Andando nel concreto, quali settori soffrirebbero di più se passasse la proposta di legge come è oggi?
Il settore sanitario, dei servizi sociali, dei servizi all’impiego, delle politiche del lavoro, del servizio scolastico, quindi tutto il ciclo formativo dalle scuole materne fino all’alta formazione dell’università, sarebbero differenziati per legge. Cioè ci sarebbero carriere e retribuzioni differenziati sia nella sanità sia nei servizi scolastici con aumenti salariali e incentivi maggiori dove si differenzia, cioè in regioni come Lombardia e Veneto; e abbandonati invece al minimo statale in quelle regioni che non possono differenziarli. E poi c’è un problema più generale di qualità della regolazione e dell’amministrazione che controlla le attività economiche e ambientali. Se non sono adeguatamente finanziate, se non hanno il personale e le strutture, le ARPA, gli ispettorati del lavoro, non faranno il loro mestiere, non faranno la loro funzione amministrativa in maniera standard e quindi avremo un aggravamento del già presente divario amministrativo tra pubblica amministrazione al nord, Lombardo-Veneto in particolare, e le pubbliche amministrazioni al centro-sud, il sud in particolare. La Calabria, in tutto ciò, ha perso quote di popolazione, quote di reddito e anche pezzi di pubblica amministrazione che sono stati rinzecchiti e direi addirittura desertificati. Si pensi alla sanità e alla scuola.
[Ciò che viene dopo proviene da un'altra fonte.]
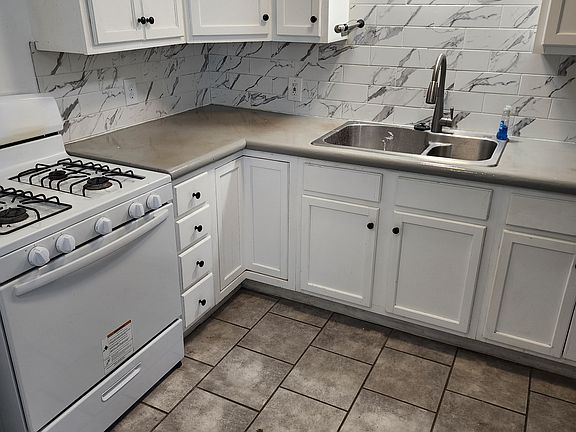 4th image of 4105 Speight Ave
Secondo lei c’è una soluzione? Cioè questo disegno di legge, questa proposta, andrebbe cestinata del tutto o è migliorabile? C’è un miglioramento possibile che possa andare bene a tutti?
Non è migliorabile, io credo che questa sia una proposta che serve solo agli interessi della Lombardia e del Veneto. Non è un caso che questa sia una legge procedimentale che fa salvi però le proposte già presentate dalla Lega Lombardia e dalla Lega Veneta. E invece ci sarebbe da ragionare molto sull’articolo 119 sulla finanza territoriale.
Bisognerebbe mettere a regime prima i Lep e poi il fondo perequativo e quindi il funzionamento di un federalismo fiscale vero, cooperativo e solidale, e poi dopo consentire differenziazioni motivate su punti specifici, non su interi settori. L’art. 116 in verità è stato una scommessa della Costituzione italiana fatta ormai 24 anni fa, che non aveva prodotto nulla di buono e che adesso sta producendo addirittura risultati pericolosi, negativi, perché è stata applicata da Calderoli in maniera illogica, e se vogliamo anche anticostituzionale.
Per spiegare, l’articolo 116 pone delle deroghe nell’amministrazione e nella legislazione italiana, mentre Lombardia e Veneto vogliono fare delle deroghe la nuova regola, vogliono flessibilizzare la Costituzione e renderla materia di trattativa politica. Ma così si va a favore delle periferie ricche e quindi automaticamente a sfavore delle periferie povere.